Exercise description
Find the line containing "Adrian Leite" in the entries; transcribe it and all remaining lines through the end, exactly as they appear, but not the pictures.

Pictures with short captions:
..............................

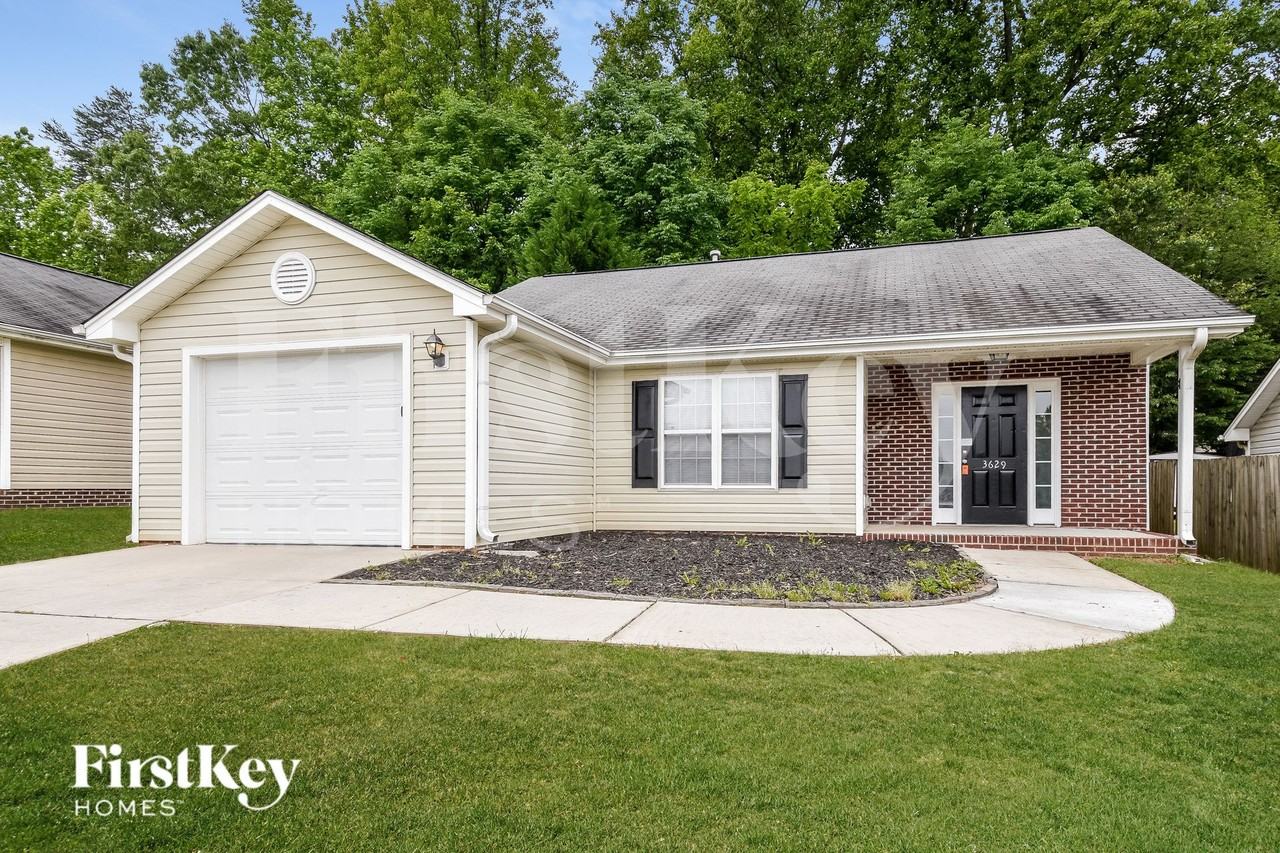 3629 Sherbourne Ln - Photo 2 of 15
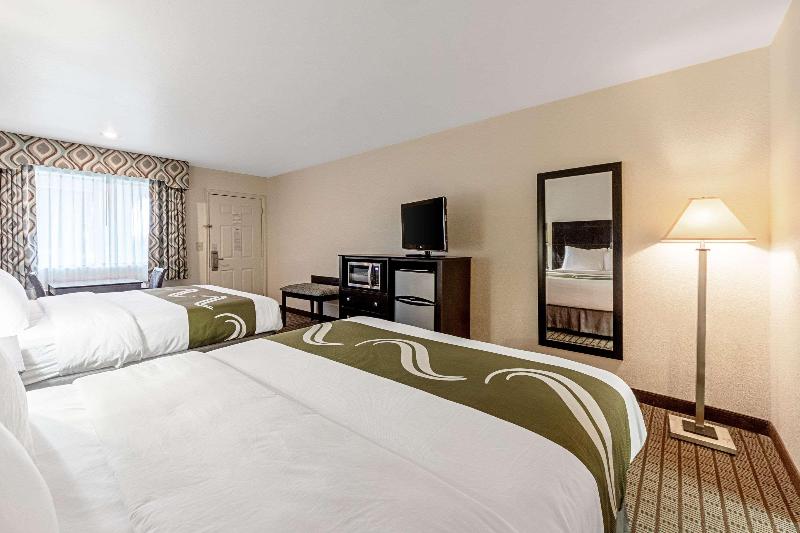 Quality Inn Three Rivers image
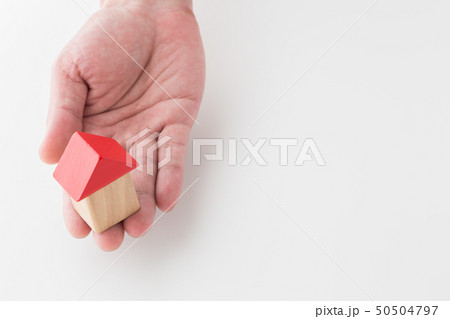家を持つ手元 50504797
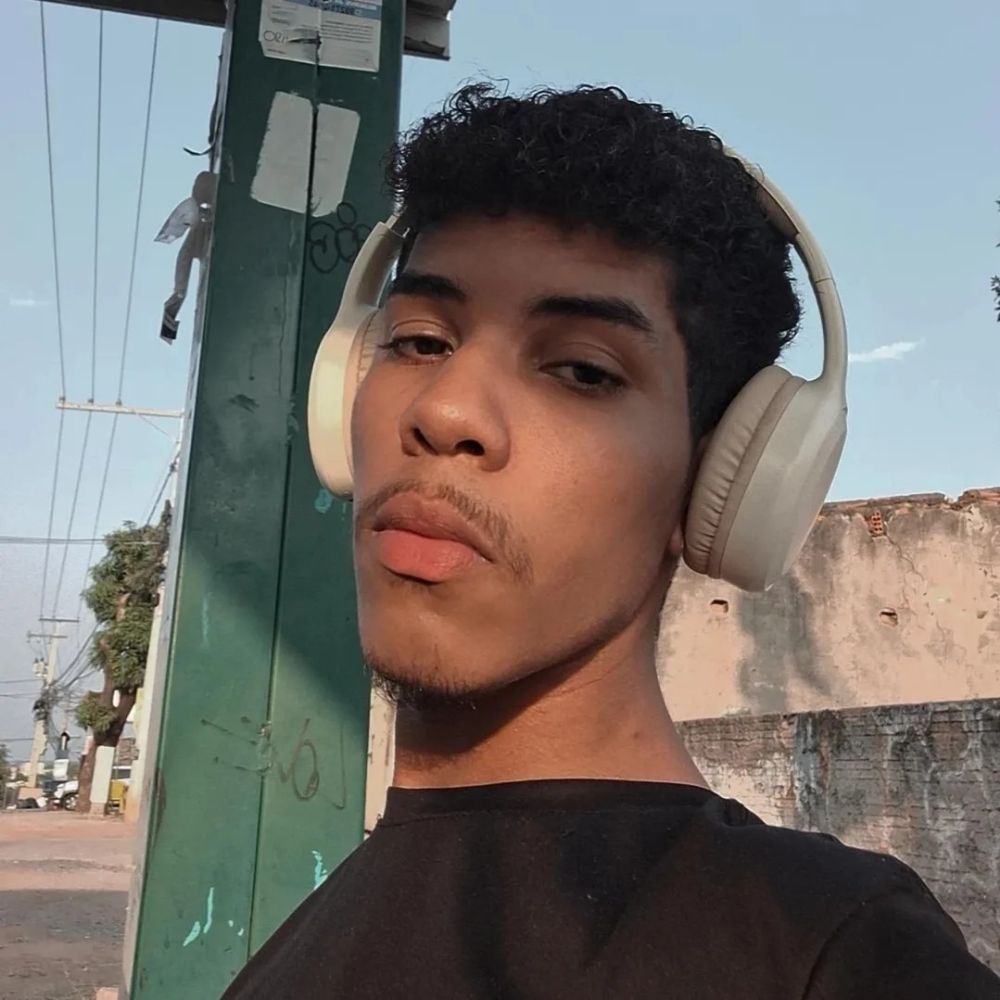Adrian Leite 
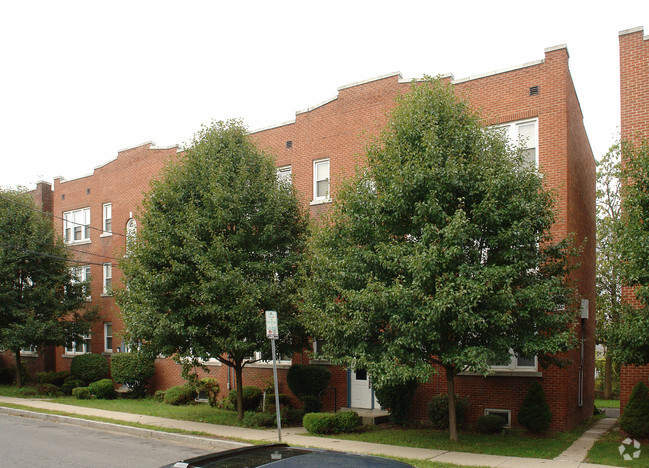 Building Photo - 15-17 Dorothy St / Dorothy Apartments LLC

..............................

Response to the task
Adrian Leite 
 Building Photo - 15-17 Dorothy St / Dorothy Apartments LLC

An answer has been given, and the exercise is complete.